In addition to these horrible piles there is also the leftover stuff that somehow got swept up in the wind, the snow plow and the fury of winter.This ‘stuff’ includes discarded bottles of all kinds, wrappers from every manner of junk food, little bits of a fender or headlight lost in a collision of icy conditions. These are the normal things. There are also other odd things like the tiny tennis shoe lost perhaps in a mad dash for the car as snow took its owner, or its owner’s parent, by surprise.

Yesterday I saw a blue latex glove, several pens and cigarette lighters, a tiny, puffy black mitten, a pair of sturdy boxer shorts.  After a while it gets embarrassing to look down at people’s lost things that are now emerging from the mounds that have kept us company these many months. Perhaps the most depressing are the Christmas decorations that now stand askew. No white, shimmery back drop provides a context for the manger scenes, the Santas and the sad little reindeer. A few days ago I even saw a plastic ghost holding a jack ‘o lantern head. It had finally made a post-snow reappearing act either very late or very early for next Halloween.

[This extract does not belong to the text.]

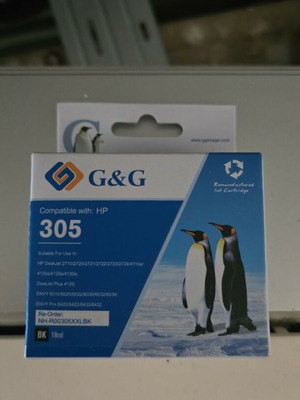 HP 305 XL Black Ink Cartridge new, 18ml, high capacity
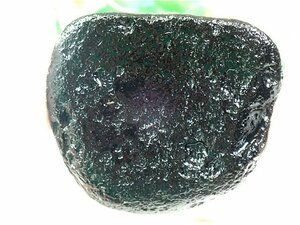 稀少品☆天然モルダバイト隕石原石178T3-YS-22T03Z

Aside from the sheer messiness of this not-quite-spring experience, I have to admit to being intrigued by this leftover stuff from the season and its holidays gone by. It reminds me of all the ‘stuff’ of my own life that I sweep under the rug, under the piles until something melts and they reappear, whether I like it or not. I think of the grudges, the frustrations and the outright anger I manage to hide beneath a smile or words that have been chosen to not give away my true feelings. I am reminded of the garbage I carry from past wounds, from destructive behaviors or deep hurts that can stay hidden until just the right situation is created to bring all those old pains to the light of day. Any of this sound familiar to you?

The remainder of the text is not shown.